Totally! I'm way in off the ledge now.
9/23/2013 at 3:16 PM
Glad to hear you got over your buyer's remorse. There is nothing worse than regretting such a big decision!

Now I cannot wait to see what it looks like on the walls. :)
You and me both!
9/23/2013 at 3:22 PM
Niiice! I think when you're done this could look even better than the boards in your inspirational bathroom photo.
I am glad for you guys that painting will do the trick!
I really hope you're right and that all of the various layers and textures will combine to make the wainscoting fade into the background as just another element that makes the bathroom look great. That's the plan at least.
9/23/2013 at 6:57 PM
It is amazing what some primer can do.
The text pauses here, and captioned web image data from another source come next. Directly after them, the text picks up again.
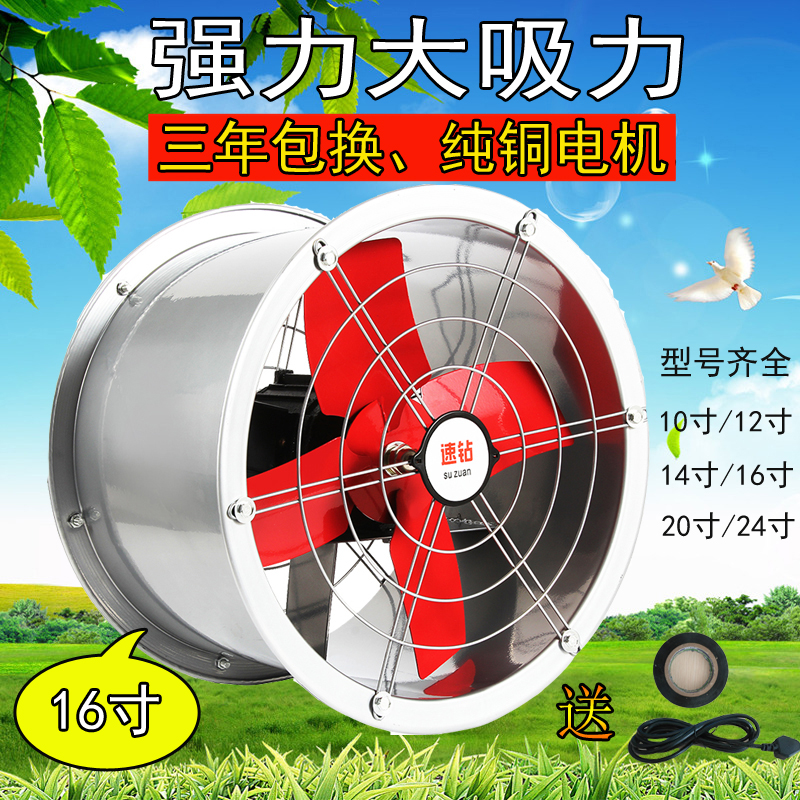 16寸强力排气扇工业排风扇换气扇壁式轴流管道风机厨房油烟抽风机|ruв категории жизнь прибор, Другие бытовой техники, вентилятор/выхлопной вентилятор - от Buy2taobao.com для оказания профессиональной услуги покупки агента Taobao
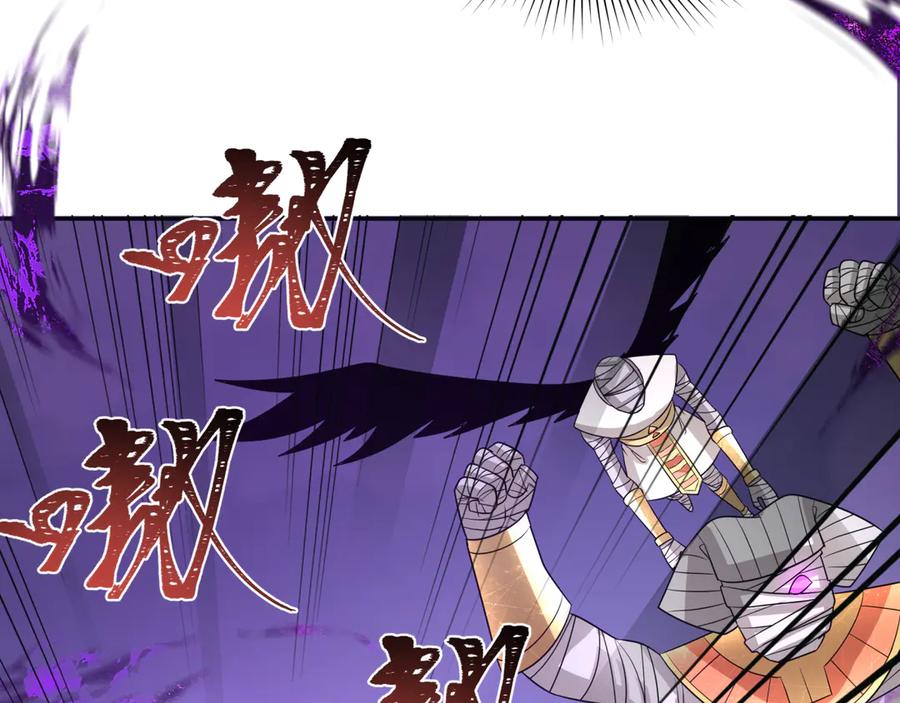 全球诡异时代 第269话 入学古埃及！ 第131页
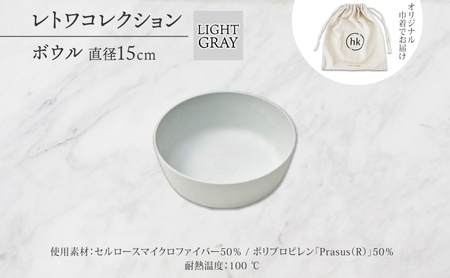 長野県 レトワコレクション ボウル 直径15cm LIGHT GRAY 隈研吾 デザイン トランスウッド 食器 お皿 皿 ボール テーブルウエア おしゃれ ギフト hide K 1896 送料無料 長野市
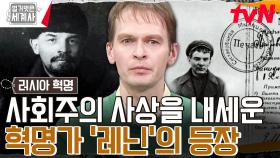 큰형의 교수형에 충격받은 레닌, 러시아 혁명을 위해 등장🔥 | tvN 240416 방송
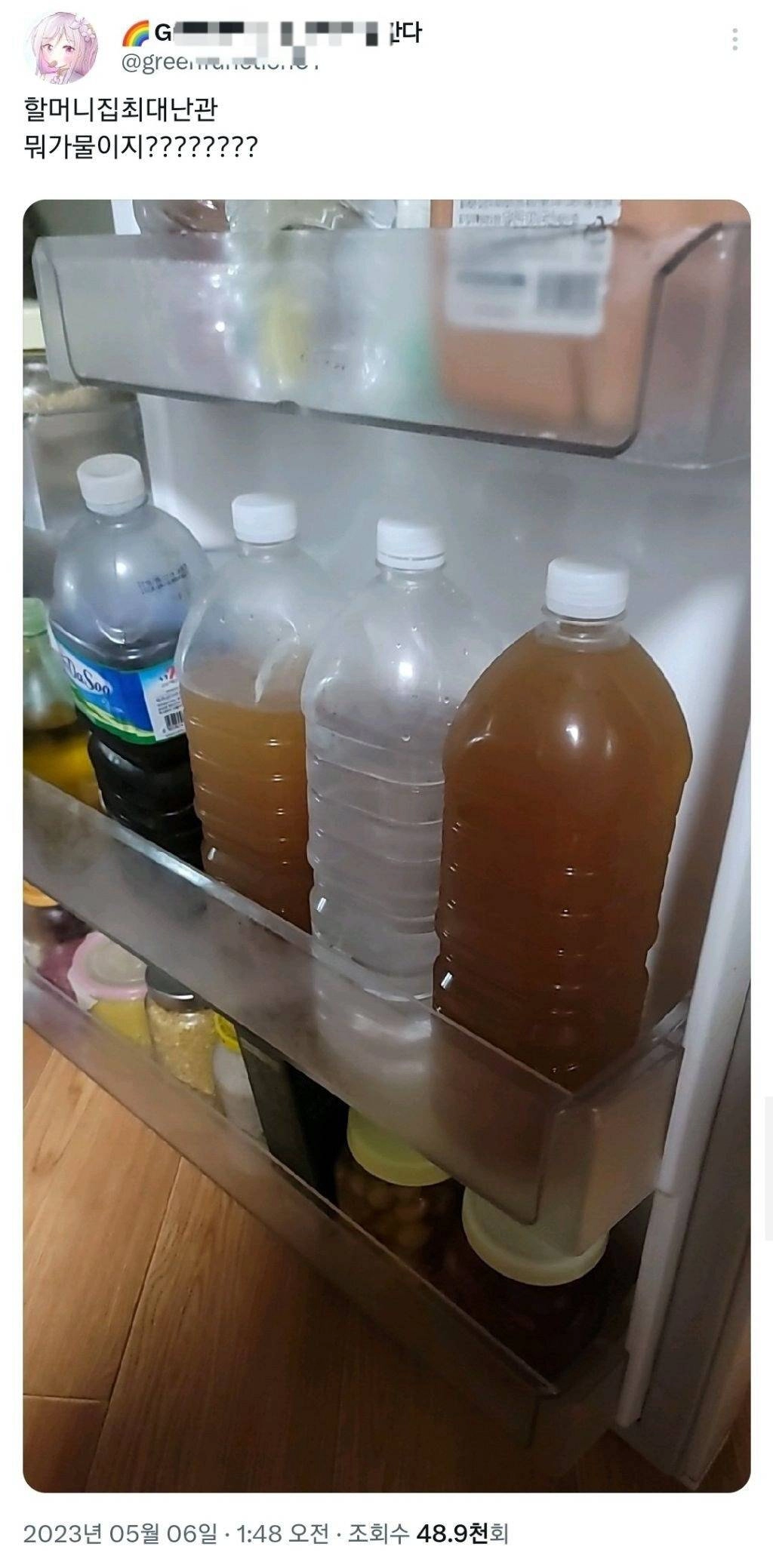 할머니집 최대난관.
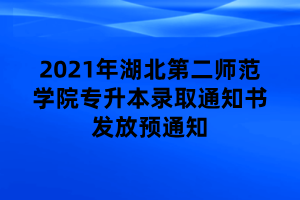 2021年湖北第二師范學(xué)院專升本錄取通知書發(fā)放預(yù)通知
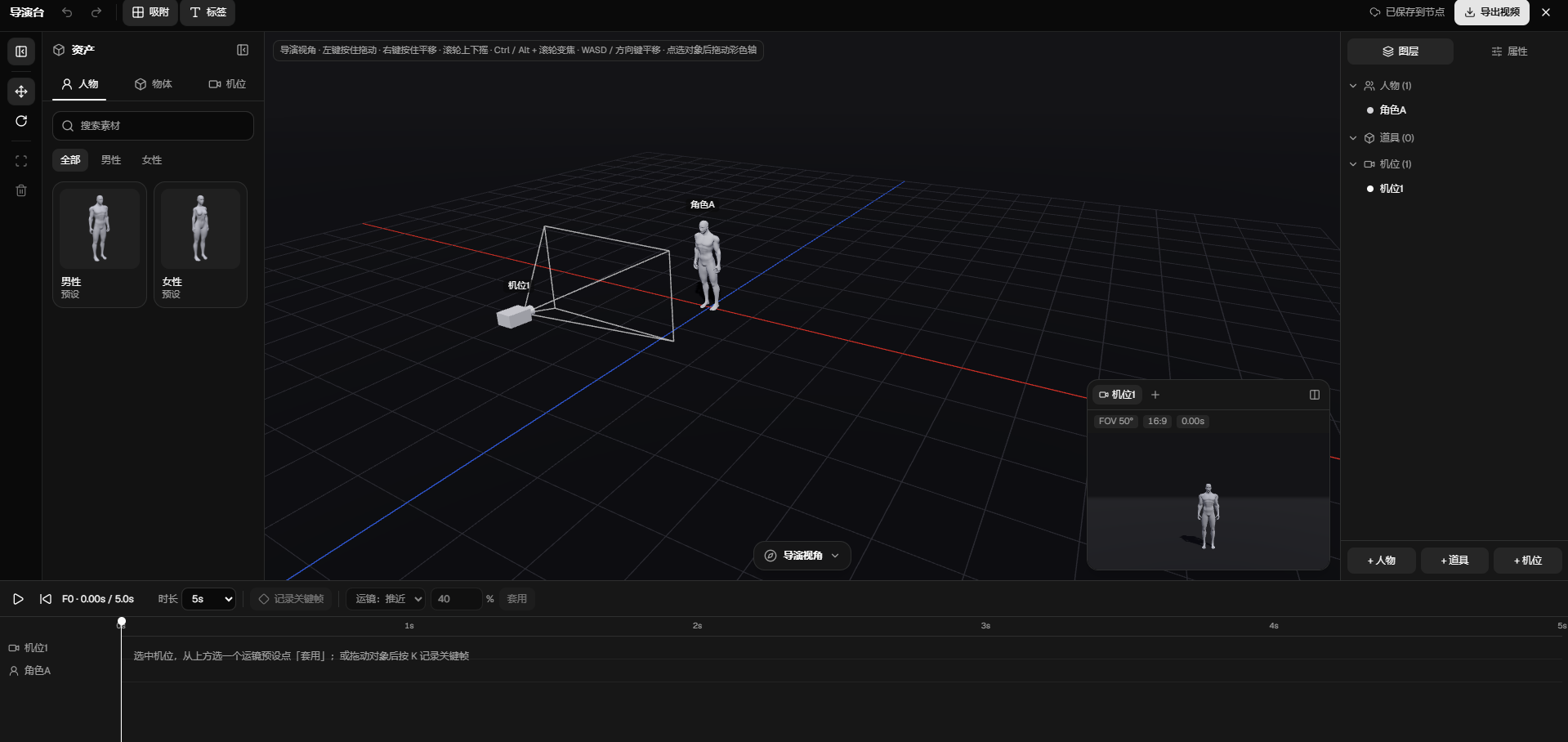 3D 导演台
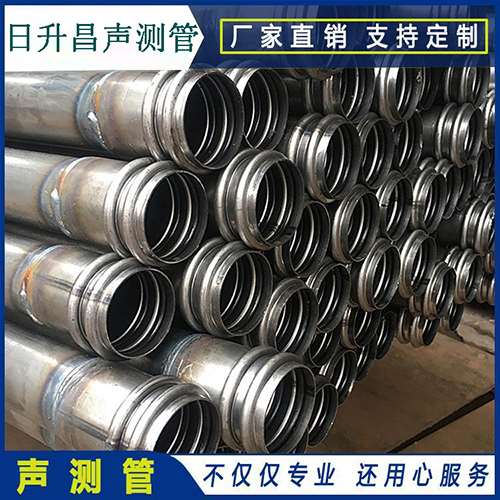 城东声测管是桥梁桩基检测专用检测管材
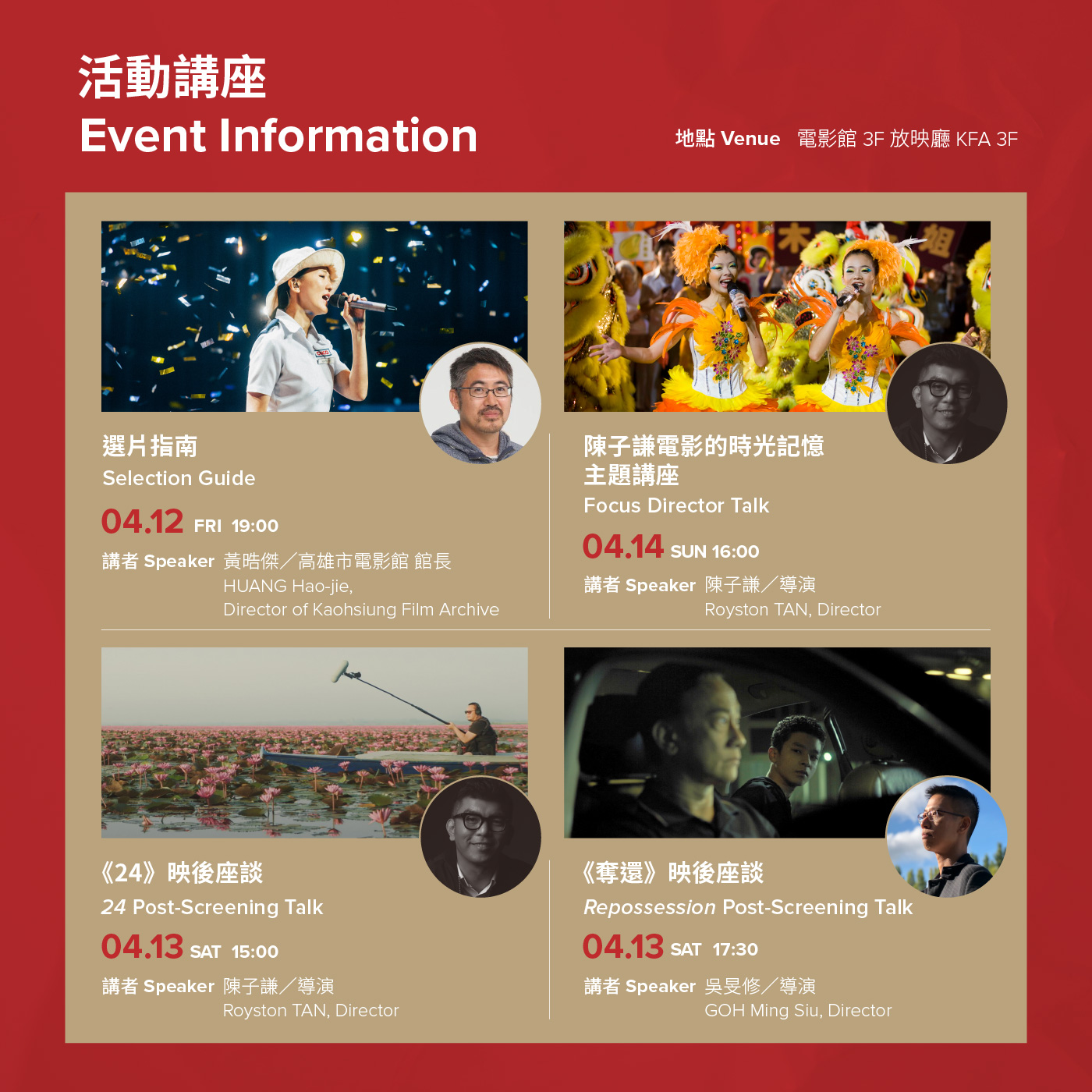 新加坡電影節活動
I imagine it will look better with each step, and in the end the bathroom will be fabulous!
Thanks, kim! We both agree and hope you're right.
9/23/2013 at 7:39 PM
Wonderful! So glad you're getting into the beadboard; I love it. I think it will be a standout feature of your bathroom project (of course I can't wait to see all of the other fabulous things you're doing in there!).

Oh bad doggie (I chuckle). Many of the dogs and cats we've had over the years have been inordinately helpful and super-interested in home improvement projects. We're big softies and generally find their antics more amusing than annoying.
We have a list a mile long of things we're doing in this bathroom to make it stand out as one of the cool kids on the block, but the wainscoting has been something I've been excited about for some time, so I'm so happy we're liking it now.

We have to laugh at the number of times Lulu has somehow gotten our supplies (of any sort) on her. Mel's only done it once or twice, but it doesn't matter what I'm working with, if Lulu is nearby (not even in the same room), she has it on her. It's pretty hysterical.
9/23/2013 at 7:44 PM
Wow, now that they're primed, I totally love them, and I really don't find that the bead looks too big. It looks exactly like it should (compared with the sample line drawing). I think it will look awesome! :D
Isn't it amazing how light and color (even white) can have such an impact on your impression of something like this. Keep in mind, these 2D images can't even do the depth the shadows creates justice. It should turn out really nice.
9/23/2013 at 11:07 PM
Ha hah, yay! Glad you have been able to breathe again. I too am much more pleased with how it looks white than the raw wood state. I think you will be able to look back on this panicky moment in time with fond remembrance when you see your very nice finished beadboard up with no additional labor necessary to re-work it.
I guess instances like these make good memories or points of reference when something similar happens in the future. And had we re-worked it, well, there would have gone at least one more weekend.
9/24/2013 at 4:17 PM
Oh, bummer. I never commented but I fully expected Alex to break out the tools and add the needed details.
Sorry to disappoint, Will. :-) No tools coming out this time, but I'm sure we'll freak out over another project in the near future!
9/26/2013 at 6:44 AM
First of all, thanks for “kind, knowledgeable readers”. Secondly, I’d like to tell you that there is no need to doubt, as your idea is great. As far as I could see it from photos you have installed them correctly and prettily in one room, so they will look great anyway in your bathroom. You mentioned everything describing all steps you’ve followed but I just wonder how long the process was? Could you write exact time it took you? Sometime in future I’m about to do the same.